Ces Règles sont bien entendu sous-tendues par un
système de valeurs sociales auxquelles se réfère l'Ecole et leur prise en
compte fait rapidement apparaître de multiples interactions sur le groupe et
les individus.
LES RÈGLES DE MA CLASSE
Souvent, dans les classes, les règlements, les Règles
sont implicites, non dits, non écrits, non clairement porté à la connaissance
des enfants qui les découvrent donc de manière empirique (au détour d'un
"rappel à l'ordre", par le biais des punitions...) et par transmission
orale entre pairs.
Dans ma classe, c'est tout le contraire et de la sorte,
"nul n'est censé ignorer la Loi".
Ainsi, après une lecture commentée du règlement de
l'école, les règles de la classe verront progressivement le jour.
Mais quelles
sont nos "Règles"([3]) qui
seront écrites noir sur blanc et affichées ?

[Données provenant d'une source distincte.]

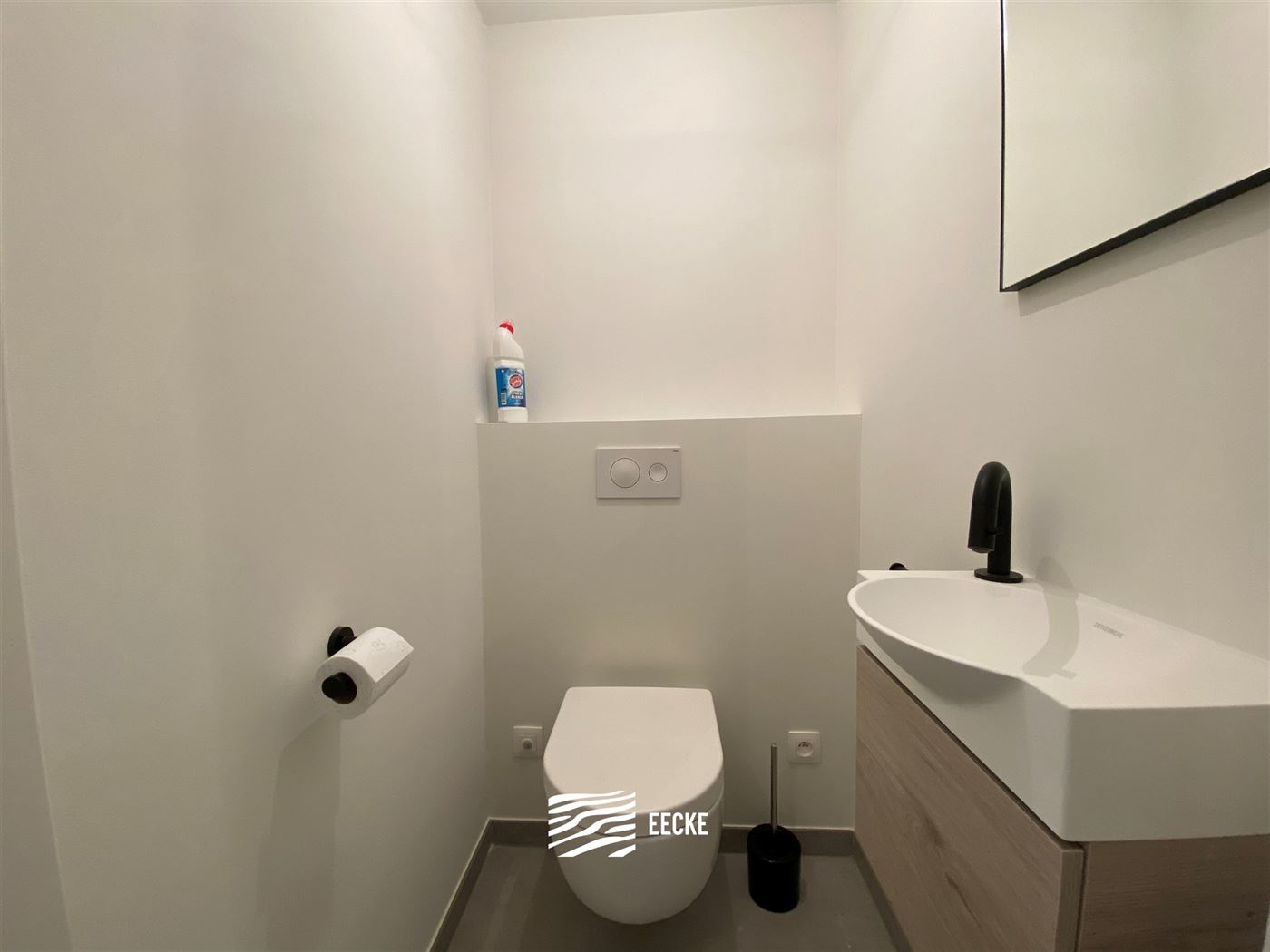 TE HUUR OP JAARBASIS - Ongemeubeld appartement in nieuwe residentie - middelgroot terras - woonkamer met open keuken - 2 slaapkamers met ingebouwde ka...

__ D'abord les trois règles fondamentales (respect de l'individu,
respect du matériel, et entraide obligatoire) imposées dès la rentrée
scolaire.
Ce sont en fait les "Lois constitutionnelles"
qui aideront à l'élaboration des autres règles de la classe, lors des
"Conseils de classe".
__ Viendront donc ensuite les règles établies par le
groupe, par vote à la majorité, après proposition et discussion. (On pourrait
bien sûr se poser la question "Pourquoi
pas votées à l'unanimité ?"([4]).
C'est un autre débat.)
Ce sont des règles qui :
- renforcent les trois règles fondamentales
ou
- aident à mettre en place et/ou facilitent ce
fonctionnement et cette vie de groupe.
A titre d'exemple en voici quelques unes adoptées ces
dernières années :
. On
doit écouter les responsables.
. On ne
frappe pas les autres.
. On peut prendre une BTJ([5]) à la maison. Si on l'abîme, on apporte 8F à la
caisse de la classe.
. On ne mange pas en classe sauf en activité
cuisine ou pour un goûter.
. On ne s'amuse pas et on ne court pas dans les
bâtiments.
. On ne dérange pas ceux qui travaillent.

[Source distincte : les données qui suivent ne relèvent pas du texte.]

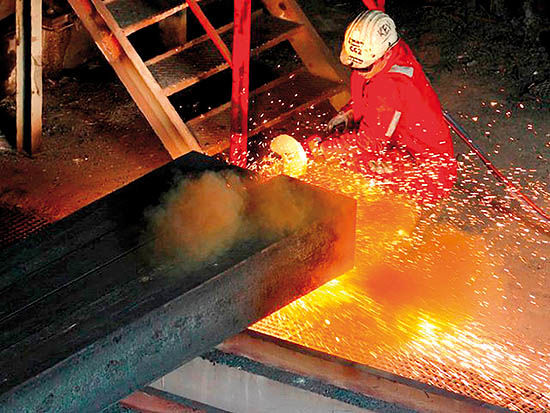 بهبود تولید مواد اولیه فولادسازی در ایران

. Un responsable doit faire son métier.
. Etc.
Mais des règles sans aucun système d'application
n'auraient aucune valeur... Nos règles existent, sont adoptées au départ par la
majorité ; elles doivent donc être appliquées et respectées. Elles seront bien
sûr transgressées à un moment ou à un autre... ce qui nécessitera la mise en
place d'un système de sanctions.
LES SANCTIONS DANS MA CLASSE
Il conviendrait tout d'abord de mener une analyse du
(des) pouvoir(s) dans la
classe. Je rappellerai simplement ici, que légalement,
dans le cadre de l'Institution Education Nationale c'est l'enseignant qui a
le pouvoir. Je suis responsable de la classe, des enfants qui me sont confiés.
Dans une autre démarche pédagogique, je conserverais la
totalité de ce pouvoir. Dans le cadre de la classe coopérative, je confie, je
délégue, une partie de ce pouvoir au groupe et aux individus qui le composent.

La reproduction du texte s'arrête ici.